WHICH METHOD IS BETTER FOR ESTIMATING EXCITATION AND INHIBITION (E/I) BALANCE USING ELECTROPHYSIOLOGICAL DATA? LESSONS FROM SINGLE CELL SIMULATION DATA

Measuring excitation and inhibition using electrophysiological data. A comparison of methods using single cell simulation data:

A few weeks ago, I have provided some evidence using single-neuron simulations on the excitation and inhibition balance and how this is measured using the aperiodic component of the spectra. What motivates these simulation studies is to probe further our understand of measurements that captured the biophysical properties of the synaptic inhibition and the overall excitation and inhibition balance of networks in the brain, specially for use in non invasive real time imaging such as EEG.

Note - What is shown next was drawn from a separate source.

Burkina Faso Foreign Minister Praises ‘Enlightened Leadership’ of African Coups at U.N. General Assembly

To address this further, I present some biophysically grounded simulations of a multi-compartment human cortical neuron (L2/3) driven to firing by random spontaneous AMPA and GABA synaptic inputs. Neuronal Simulations are computed in NEURON simulation environment while extracellular signals (LFPs) are reconstructed at different spatial locations along the neuron’s z-axis (depth axis) using the LFPy library (also manually by first principles).

Using these simulated data, I compared three widely used putative E/I metrics: the aperiodic (1/f) exponent and the functional E/I (fE/I) measure proposed by Bruining and colleagues (Bruining et la., 2020 Scientific Reports) which is based on detrended fluctuation analysis (DFA). Importantly, these metrics operate on fundamentally different signal representations. The aperiodic exponent is estimated from the broadband signal, whereas Bruining’s fE/I is derived from narrow-band filtered activity (here, the alpha band, 8–12 Hz) and is based on the standard deviation of the detrended fluctuation analysis of the amplitude envelope.

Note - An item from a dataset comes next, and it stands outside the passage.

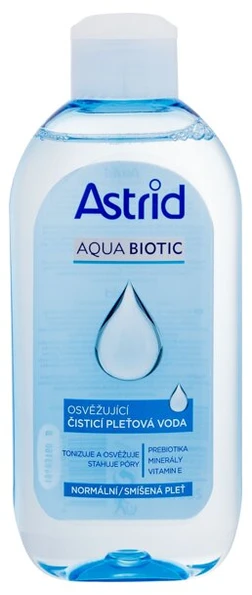 Astrid Aqua Biotic Refreshing Cleansing Vanduo Cleansing Vanduo moterims, 200 ml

The results are plotted at different levels of cortical depth and for different levels of synaptic inhibition. I found that the aperiodic exponent robustly and monotonically tracked inhibitory synaptic conductance (GABA factor), consistent with prior network-level work (see Gao et al., Neuroimage), while DFA and Bruining’s fE/I did not. Instead, fE/I appeared largely insensitive to synaptic inhibition at the single-neuron level, supporting the view that it reflects the dynamical regime of band-limited population activity rather than biophysical excitation–inhibition balance per se.

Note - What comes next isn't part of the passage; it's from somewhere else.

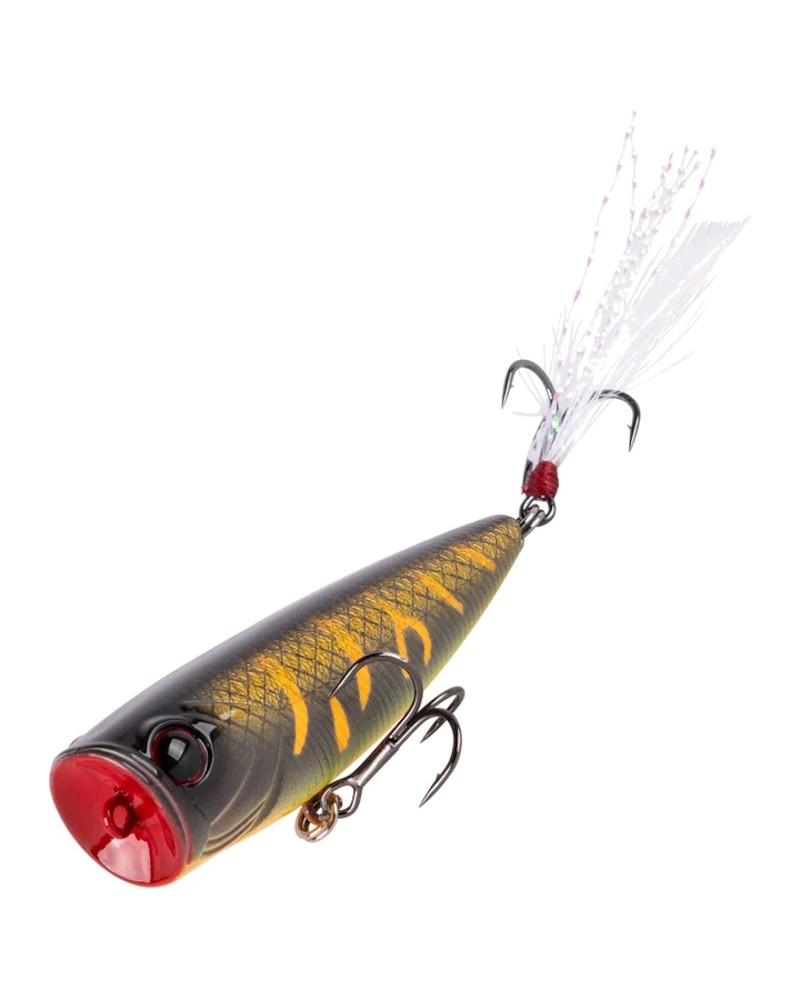 Wobler Popper Shimano Yasei Pure Pop 80mm 12g Green Tiger Floating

Conclusions: Which method aligns with the biophysical interpretations of inhibition and can predict better the E/I balance in single cell data?

Aperiodic exponent stands the tests of time and its values are strongly correlating with the biophysically induced properties of inhibition even on single neurons. As Gao and colleagues have demonstrated in the past, this method also critically ascertains inhibitory strength and modulation in EEG in vivo and in anaesthesia.

These results highlight that EEG “E/I” metrics are not interchangeable: broadband spectral measures and band-limited envelope-based measures probe distinct mechanisms and should be interpreted accordingly. I will expand more on these later issues in a new blog soon.